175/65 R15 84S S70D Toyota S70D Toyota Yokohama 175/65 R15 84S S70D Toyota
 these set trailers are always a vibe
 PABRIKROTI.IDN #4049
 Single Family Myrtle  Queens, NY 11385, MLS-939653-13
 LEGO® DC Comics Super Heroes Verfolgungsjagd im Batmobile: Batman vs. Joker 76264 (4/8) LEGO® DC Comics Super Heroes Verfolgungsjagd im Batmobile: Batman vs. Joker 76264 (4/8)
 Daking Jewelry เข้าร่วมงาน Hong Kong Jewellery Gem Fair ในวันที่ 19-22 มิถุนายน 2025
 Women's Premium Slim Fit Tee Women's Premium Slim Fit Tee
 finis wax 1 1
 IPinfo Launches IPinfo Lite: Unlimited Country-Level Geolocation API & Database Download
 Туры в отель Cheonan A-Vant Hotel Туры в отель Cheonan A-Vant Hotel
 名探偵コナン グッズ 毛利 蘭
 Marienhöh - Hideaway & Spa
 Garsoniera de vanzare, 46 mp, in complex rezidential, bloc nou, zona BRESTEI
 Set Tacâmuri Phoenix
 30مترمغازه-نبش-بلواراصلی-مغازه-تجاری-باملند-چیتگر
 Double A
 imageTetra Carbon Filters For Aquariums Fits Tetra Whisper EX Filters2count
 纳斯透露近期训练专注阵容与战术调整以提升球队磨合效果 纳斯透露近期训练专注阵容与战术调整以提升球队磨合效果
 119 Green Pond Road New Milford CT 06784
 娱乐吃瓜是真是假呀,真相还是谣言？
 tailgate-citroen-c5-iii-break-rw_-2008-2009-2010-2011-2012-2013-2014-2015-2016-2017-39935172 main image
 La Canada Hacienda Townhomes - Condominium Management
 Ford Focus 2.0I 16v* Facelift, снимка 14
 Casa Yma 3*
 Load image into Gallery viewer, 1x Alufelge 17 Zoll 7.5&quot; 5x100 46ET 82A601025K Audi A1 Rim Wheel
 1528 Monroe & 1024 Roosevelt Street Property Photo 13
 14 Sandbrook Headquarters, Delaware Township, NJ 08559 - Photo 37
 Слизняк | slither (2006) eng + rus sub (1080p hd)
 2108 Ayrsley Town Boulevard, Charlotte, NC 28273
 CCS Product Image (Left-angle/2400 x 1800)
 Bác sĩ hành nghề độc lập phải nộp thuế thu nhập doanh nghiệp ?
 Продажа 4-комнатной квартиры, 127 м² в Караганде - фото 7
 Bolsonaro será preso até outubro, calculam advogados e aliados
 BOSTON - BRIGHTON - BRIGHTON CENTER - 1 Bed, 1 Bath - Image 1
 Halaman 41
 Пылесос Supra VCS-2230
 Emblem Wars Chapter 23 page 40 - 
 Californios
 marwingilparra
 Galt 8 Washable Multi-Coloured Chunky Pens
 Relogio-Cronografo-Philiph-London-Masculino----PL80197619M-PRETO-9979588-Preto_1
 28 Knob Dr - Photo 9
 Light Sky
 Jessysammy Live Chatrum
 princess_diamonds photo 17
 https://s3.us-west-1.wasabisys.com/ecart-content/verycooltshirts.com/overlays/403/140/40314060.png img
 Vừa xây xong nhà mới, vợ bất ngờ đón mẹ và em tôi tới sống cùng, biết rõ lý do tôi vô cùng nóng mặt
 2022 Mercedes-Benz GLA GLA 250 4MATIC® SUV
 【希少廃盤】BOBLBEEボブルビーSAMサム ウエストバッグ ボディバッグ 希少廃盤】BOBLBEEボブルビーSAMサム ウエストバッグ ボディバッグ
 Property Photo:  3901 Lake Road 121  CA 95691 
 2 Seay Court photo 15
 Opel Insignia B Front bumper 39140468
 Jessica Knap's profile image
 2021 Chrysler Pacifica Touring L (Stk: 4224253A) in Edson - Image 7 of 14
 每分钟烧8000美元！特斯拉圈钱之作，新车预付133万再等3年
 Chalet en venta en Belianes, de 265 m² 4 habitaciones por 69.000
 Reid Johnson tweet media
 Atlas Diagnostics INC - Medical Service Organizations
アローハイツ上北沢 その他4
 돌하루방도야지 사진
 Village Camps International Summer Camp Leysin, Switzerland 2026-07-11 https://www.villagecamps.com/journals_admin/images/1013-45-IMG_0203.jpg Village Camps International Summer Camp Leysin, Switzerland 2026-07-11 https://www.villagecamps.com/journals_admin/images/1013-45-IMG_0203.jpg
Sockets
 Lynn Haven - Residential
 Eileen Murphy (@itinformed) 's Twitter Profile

_PROBLEM DESCRIPTION_: What are the lines from the one with "Lynn Haven - Residential" through the end of the entries? Give them again exactly, both end lines included.

_ANSWER BELOW_:
 Lynn Haven - Residential
 Eileen Murphy (@itinformed) 's Twitter Profile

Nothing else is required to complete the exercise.